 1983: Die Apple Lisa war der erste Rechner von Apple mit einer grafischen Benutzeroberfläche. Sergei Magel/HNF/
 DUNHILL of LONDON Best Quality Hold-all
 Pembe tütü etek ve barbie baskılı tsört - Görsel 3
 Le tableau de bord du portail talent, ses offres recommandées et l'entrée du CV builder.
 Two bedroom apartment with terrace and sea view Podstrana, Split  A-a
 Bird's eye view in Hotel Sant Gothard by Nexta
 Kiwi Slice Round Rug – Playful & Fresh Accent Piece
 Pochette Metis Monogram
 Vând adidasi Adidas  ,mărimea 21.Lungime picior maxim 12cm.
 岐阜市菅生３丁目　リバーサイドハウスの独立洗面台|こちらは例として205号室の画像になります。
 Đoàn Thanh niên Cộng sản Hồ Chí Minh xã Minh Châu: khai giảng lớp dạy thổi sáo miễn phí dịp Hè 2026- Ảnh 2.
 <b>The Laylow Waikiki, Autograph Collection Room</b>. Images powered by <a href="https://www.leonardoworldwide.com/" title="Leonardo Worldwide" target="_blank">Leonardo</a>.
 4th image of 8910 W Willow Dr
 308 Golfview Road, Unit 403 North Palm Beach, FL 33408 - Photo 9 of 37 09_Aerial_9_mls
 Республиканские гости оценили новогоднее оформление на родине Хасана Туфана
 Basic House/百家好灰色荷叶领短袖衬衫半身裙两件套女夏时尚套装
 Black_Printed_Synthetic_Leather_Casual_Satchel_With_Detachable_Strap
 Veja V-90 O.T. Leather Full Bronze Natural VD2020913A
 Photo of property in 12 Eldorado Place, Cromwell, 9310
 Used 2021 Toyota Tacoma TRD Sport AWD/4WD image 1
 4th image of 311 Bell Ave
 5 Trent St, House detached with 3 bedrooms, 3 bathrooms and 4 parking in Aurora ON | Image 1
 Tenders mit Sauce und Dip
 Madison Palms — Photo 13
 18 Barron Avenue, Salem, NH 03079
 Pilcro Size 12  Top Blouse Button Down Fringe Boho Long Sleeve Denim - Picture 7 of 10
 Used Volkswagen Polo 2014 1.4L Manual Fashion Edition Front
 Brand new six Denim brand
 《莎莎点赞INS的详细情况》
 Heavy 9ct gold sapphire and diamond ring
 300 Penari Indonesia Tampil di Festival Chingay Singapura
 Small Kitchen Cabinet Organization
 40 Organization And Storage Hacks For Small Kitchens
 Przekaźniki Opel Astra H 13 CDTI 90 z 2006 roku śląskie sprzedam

• [Exercise] Copy out each line of the records that holds the string "Photo".

• [Written answer]
 308 Golfview Road, Unit 403 North Palm Beach, FL 33408 - Photo 9 of 37 09_Aerial_9_mls
 Photo of property in 12 Eldorado Place, Cromwell, 9310
 Madison Palms — Photo 13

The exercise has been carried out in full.